(CNN)Man's -- or in this case, woman's -- best friend came to the rescue of a missing Texas woman.
Sherry Noppe, 63, was announced missing by a constable in Harris County, on Instagram on May 4. She had last been seen walking her black Labrador, Max. Noppe had recently been diagnosed with dementia, according to Texas EquuSearch, which also participated in the rescue efforts.
Jeff McShan, public information officer for the county's fifth precinct, told CNN hundreds of volunteers and officers took part in the search effort. They used an infrared drone camera to hone in on a specific area of the park where they thought there might be an animal or human. Once in the area, volunteers heard the barking of a dog, which led them to Noppe.
The precinct announced on Twitter May 6 Noppe had been found. "Constable Ted Heap is relieved to report Sherry Noppe, missing since Tuesday, has been found in George Bush Park," the message read. The park, located in Houston, Texas, covers 7,800 acres.
"She was located at approx. 3 a.m. Friday by a group of tireless volunteers and deputies who were alerted by the sound of her dog, Max, barking in the woods."
Max "saved her life," family friend Michael England told CNN affiliate KTRK-TV.
The loyal dog stayed by Noppe's side throughout the entire ordeal, even though he was not wearing a collar or leash when the pair were found, KTRK-TV reported.

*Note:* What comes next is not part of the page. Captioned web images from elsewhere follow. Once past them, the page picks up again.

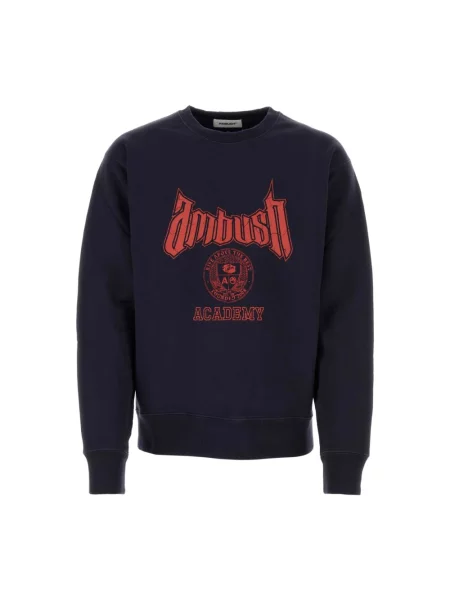 Sweter Ambush niebieski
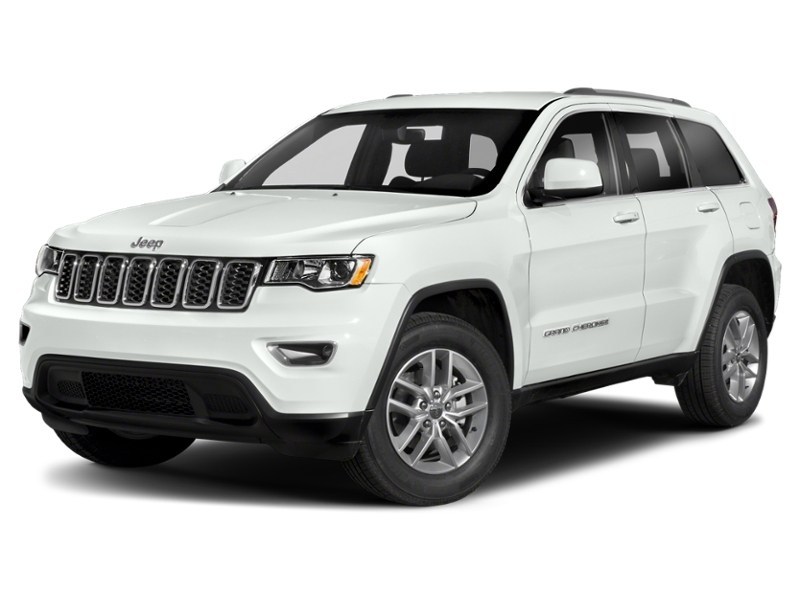 2019 Jeep Grand Cherokee Altitude 4x4 Bright White  Shot 4
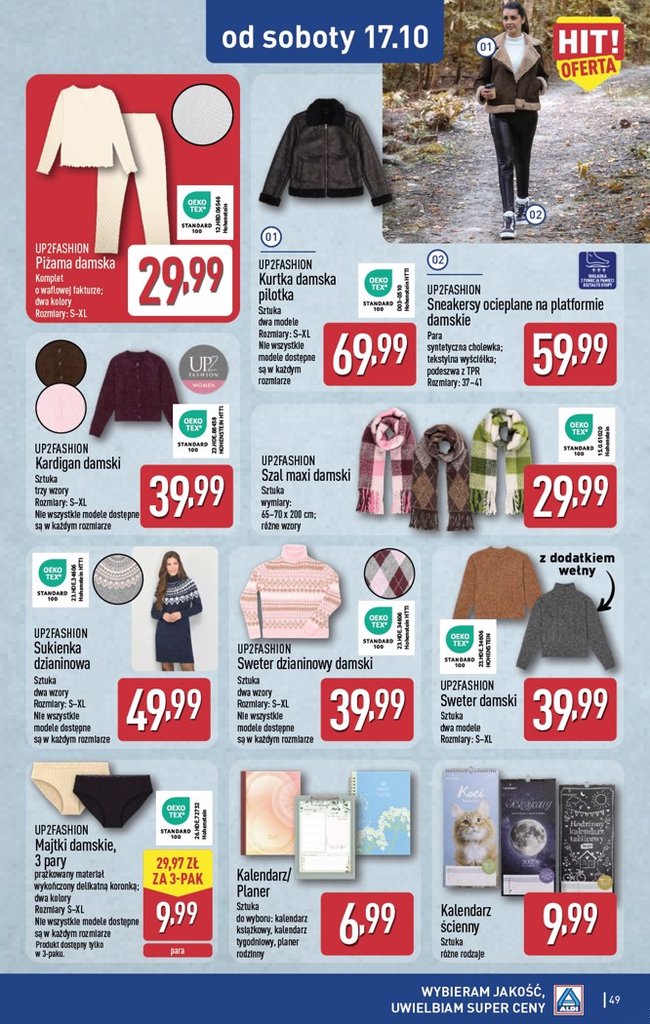 Aldi gazetka promocyjna 12.10-17.10.2026 — strona 49 z 53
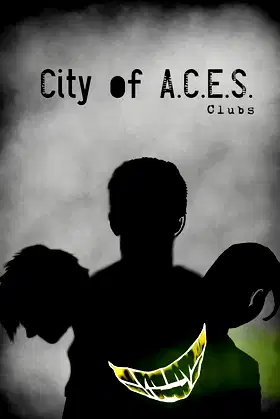 City of Aces: Clubs poster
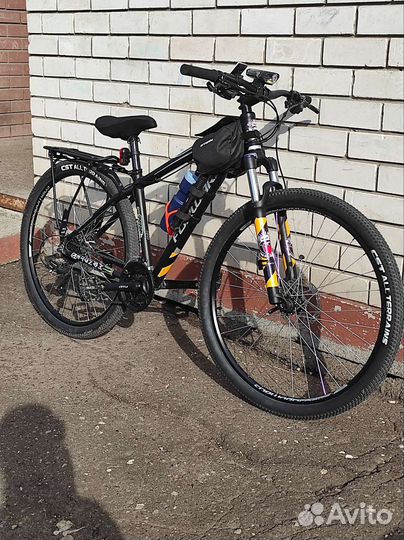 Велосипед взрослый форвард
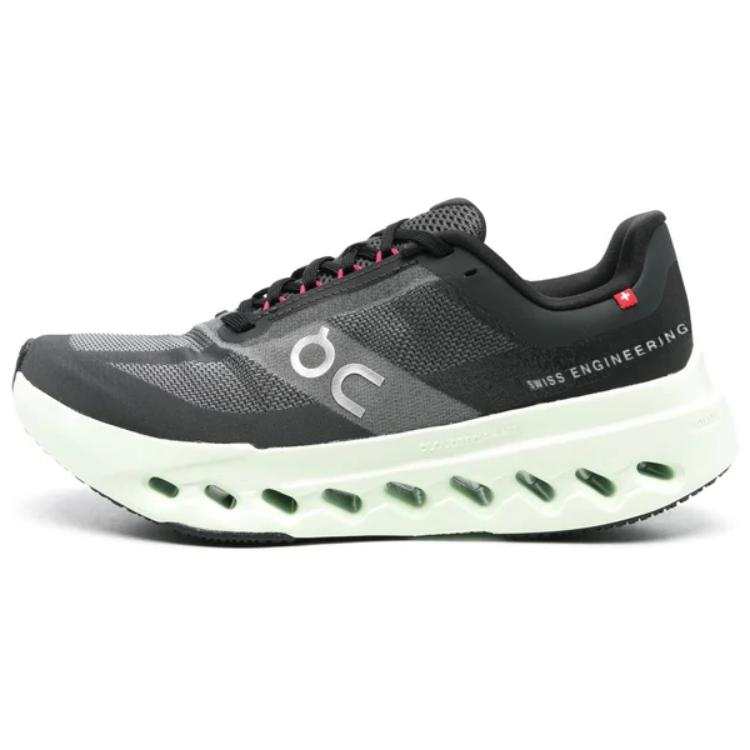 On Cloudsurfer Next Wmns On 'Black Lima' Women's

Noppe was found lying in a "marshy area," three miles from where she was last spotted. One of the deputies involved in the search lent Noppe his boots "as they helped her through the muck and brambles to get on our ATV and drive her back to safety," according to an Instagram post from the constable.
On Twitter, Constable Heap lauded the efforts of the search team who followed Max's barking to find Noppe.
"It's a small miracle that she's alive after being missing for so long," said Heap, according to the tweet. Noppe was missing for around three days. "Thank you to @TexasEquuSearch along with the army of searchers who never gave up."
Noppe and Max are now safe at home, according to McShan.